Abstract

Background: Penile cancer is a rare disease, with approximately 600 cases diagnosed every year in the UK. In this study, we assessed the impact of social deprivation on penile cancer, concentrating on incidence, disease factors, surgical treatment and mortality within our ‘Supranetwork’ population. Methods: All cases of penile cancer in the West of Scotland were identified from the uro-oncology multidisciplinary team meetings over a 10-year period covering January 2008 to December 2017. Patients underwent treatment within the remit of a centralised service, and social deprivation was determined using the Scottish Index of Multiple Deprivation (SIMD), which is the Scottish government’s official tool to identify areas of multiple deprivations. Results: A total of 278 patients were identified, with an age range of 27–97 years ( M=64 years). The incidence of penile cancer in SIMD category 1 (most deprived) is 7.2/100,000 population at risk compared to 2.8/100,000 population at risk in SIMD category 5 (least deprived).

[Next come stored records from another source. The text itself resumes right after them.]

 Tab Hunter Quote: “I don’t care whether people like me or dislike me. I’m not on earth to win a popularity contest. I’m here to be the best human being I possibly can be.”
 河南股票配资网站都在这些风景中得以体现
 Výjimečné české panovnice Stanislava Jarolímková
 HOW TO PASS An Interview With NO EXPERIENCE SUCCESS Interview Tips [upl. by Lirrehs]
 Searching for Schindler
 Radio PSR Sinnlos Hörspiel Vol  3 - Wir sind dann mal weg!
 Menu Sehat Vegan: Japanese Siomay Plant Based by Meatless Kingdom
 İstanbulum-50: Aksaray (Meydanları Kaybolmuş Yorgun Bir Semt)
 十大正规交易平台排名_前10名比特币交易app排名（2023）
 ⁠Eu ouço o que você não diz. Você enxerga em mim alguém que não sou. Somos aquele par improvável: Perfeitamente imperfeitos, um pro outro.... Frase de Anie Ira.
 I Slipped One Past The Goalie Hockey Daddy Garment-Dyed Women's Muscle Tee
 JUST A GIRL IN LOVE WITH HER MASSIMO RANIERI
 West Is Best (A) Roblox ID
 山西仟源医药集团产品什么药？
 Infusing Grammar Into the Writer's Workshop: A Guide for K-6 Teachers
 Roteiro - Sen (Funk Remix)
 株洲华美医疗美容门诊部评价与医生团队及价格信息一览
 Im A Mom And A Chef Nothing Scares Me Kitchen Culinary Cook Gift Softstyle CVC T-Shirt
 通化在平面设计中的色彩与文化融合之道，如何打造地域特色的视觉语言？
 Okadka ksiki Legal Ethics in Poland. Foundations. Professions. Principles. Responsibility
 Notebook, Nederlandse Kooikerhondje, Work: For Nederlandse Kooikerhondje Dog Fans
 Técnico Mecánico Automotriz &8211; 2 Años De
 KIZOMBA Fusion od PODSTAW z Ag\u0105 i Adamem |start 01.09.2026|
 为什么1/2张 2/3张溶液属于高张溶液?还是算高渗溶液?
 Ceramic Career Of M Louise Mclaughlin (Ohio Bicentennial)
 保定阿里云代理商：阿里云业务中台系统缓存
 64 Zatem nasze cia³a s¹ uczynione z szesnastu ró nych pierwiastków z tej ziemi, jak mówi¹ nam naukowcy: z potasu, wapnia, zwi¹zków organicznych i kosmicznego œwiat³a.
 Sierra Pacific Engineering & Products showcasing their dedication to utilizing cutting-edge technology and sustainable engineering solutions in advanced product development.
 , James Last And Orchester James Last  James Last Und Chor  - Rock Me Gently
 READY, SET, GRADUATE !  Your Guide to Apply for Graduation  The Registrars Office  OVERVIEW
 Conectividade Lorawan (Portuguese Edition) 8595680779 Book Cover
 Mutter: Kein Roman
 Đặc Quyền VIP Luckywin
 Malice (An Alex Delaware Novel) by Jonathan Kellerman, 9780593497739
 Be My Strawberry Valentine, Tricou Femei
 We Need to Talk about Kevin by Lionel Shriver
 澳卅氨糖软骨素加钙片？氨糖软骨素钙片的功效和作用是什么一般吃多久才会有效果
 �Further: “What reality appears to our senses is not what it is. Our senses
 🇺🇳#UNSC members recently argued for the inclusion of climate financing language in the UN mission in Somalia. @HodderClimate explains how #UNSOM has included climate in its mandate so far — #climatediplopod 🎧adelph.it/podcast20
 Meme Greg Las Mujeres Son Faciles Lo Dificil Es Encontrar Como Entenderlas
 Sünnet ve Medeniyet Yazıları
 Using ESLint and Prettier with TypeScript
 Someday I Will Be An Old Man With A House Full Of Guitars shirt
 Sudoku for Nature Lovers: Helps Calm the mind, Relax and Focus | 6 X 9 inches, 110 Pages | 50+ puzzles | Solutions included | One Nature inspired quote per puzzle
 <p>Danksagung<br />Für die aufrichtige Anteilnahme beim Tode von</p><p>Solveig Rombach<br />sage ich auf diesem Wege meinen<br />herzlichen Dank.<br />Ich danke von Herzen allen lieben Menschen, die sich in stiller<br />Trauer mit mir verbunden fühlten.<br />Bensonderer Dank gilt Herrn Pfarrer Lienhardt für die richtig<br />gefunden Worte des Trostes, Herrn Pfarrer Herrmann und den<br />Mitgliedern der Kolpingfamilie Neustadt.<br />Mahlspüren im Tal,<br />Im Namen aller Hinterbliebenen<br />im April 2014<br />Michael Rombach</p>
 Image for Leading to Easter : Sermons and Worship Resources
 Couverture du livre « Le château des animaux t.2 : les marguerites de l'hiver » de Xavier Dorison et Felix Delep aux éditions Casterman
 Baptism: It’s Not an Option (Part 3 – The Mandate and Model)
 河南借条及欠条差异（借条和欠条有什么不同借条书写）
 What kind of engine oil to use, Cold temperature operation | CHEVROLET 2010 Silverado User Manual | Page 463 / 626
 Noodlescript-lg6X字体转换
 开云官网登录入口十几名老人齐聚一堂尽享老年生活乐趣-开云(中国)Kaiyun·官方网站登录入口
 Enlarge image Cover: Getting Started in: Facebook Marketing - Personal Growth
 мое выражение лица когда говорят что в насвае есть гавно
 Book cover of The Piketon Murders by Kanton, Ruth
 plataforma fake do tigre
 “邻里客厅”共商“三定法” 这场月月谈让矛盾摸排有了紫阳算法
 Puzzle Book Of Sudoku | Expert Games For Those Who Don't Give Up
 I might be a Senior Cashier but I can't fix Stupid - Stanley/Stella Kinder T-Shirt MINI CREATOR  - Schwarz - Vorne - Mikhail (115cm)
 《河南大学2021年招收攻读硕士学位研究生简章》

Histologically, a higher proportion of aggressive grade 3 cancers (45% vs. 16%, p=0.03) and more advanced N2/N3 nodal disease (63% vs. 33%, p=0.04) was found in SIMD category 1 compared to SIMD category 5, suggesting higher incidence of delayed presentation with more advanced and aggressive disease in the most deprived populations. Conclusions: The level of social deprivation shows a significant association with penile cancer incidence, tumour grade and stage at time of diagnosis, with a resulting disproportionate impact on morbidity and mortality in the most deprived cohort of patients. Public awareness and efforts to increase earlier diagnoses of penile cancer in these ‘hard to reach’ men should be an important step in improving overall outcomes from penile cancer.